Katt

Katt is a lightweight testing framework for running AI Evals, inspired by Jest.

Overview

✨ Run your own benchmarks and evaluations ✨

Katt is designed to evaluate and validate the behavior of AI agents like Claude Code, GitHub Copilot, OpenAI Codex and more. It provides a simple, intuitive API for writing tests that interact with AI models and assert their responses.

API Documentation

For a complete list of features and usage examples, see docs/api-documentation.md.

Articles

Introducing Katt

Hello World - Example

import { expect, prompt } from "katt";

const result = await prompt("If you read this just say 'hello world'");
expect(result).toContain("hello world");

It also supports the familiar describe and it syntax for organizing tests:

import { describe, expect, it, prompt } from "katt";

describe("Greeting agent", () => {
  it("should say hello world", async () => {
    const result = await prompt("If you read this just say 'hello world'");
    expect(result).toContain("hello world");
  });
});

Main Features

Simple Testing API: Familiar describe and it syntax for organizing tests
AI Interaction and Verification: Built-in prompt(), promptFile() and promptCheck() functions for running and analyzing prompts to AI agents
Classification Matcher: Built-in toBeClassifiedAs() matcher to grade a response against a target label on a 1-5 scale
Concurrent Execution: Runs eval files concurrently for faster test execution
Model Selection: Support for specifying custom AI models
Runtime Selection: Run prompts through GitHub Copilot (default) or Codex
Configurable Timeouts: Override prompt wait time per test or via katt.json

Usage

Installation

npm install -g katt

Basic Usage

Create a file with the .eval.ts or .eval.js extension and write your tests.

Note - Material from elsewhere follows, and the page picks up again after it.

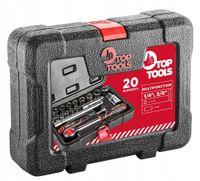 Top tools Zestaw kluczy nasadowych 1/4" 3/8" 20 elem.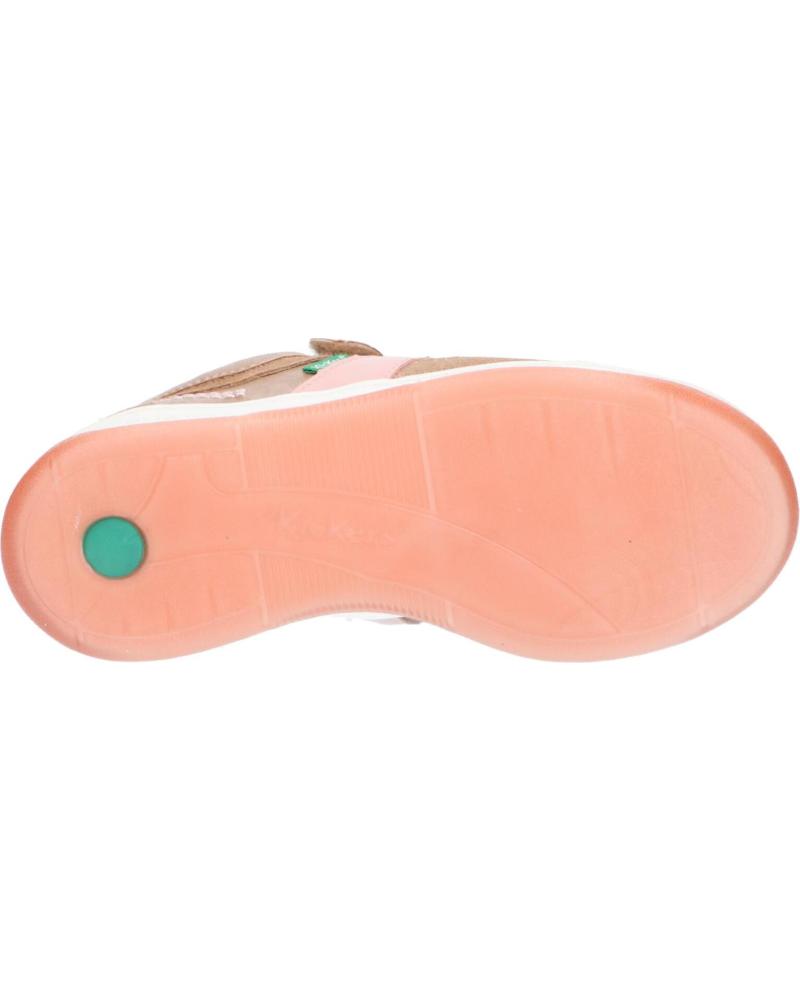 Kickers Kalido Girls' Glitter Beige Pink Velcro Trainers - Easy-Wear Casual Sneakers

import { expect, prompt } from "katt";

const result = await prompt("If you read this just say 'hello world'");
expect(result).toContain("hello world");

Run Katt from your project directory:

npx katt

Using promptFile

Load prompts from external files:

// test.eval.js
import { describe, expect, it, promptFile } from "katt";

describe("Working with files", () => {
  it("should load the file and respond", async () => {
    const result = await promptFile("./myPrompt.md");
    expect(result).toContain("expected response");
  });
});

Specifying AI Models

You can specify a custom model for your prompts:

import { describe, expect, it, prompt } from "katt";

describe("Model selection", () => {
  it("should use a specific model", async () => {
    const promptString = "You are a helpful agent. Say hi and ask what you could help the user with.";
    const result = await prompt(promptString, { model: "gpt-5.2" });

    expect(result).promptCheck("It should be friendly and helpful");
  });
});

You can also set runtime defaults in katt.json.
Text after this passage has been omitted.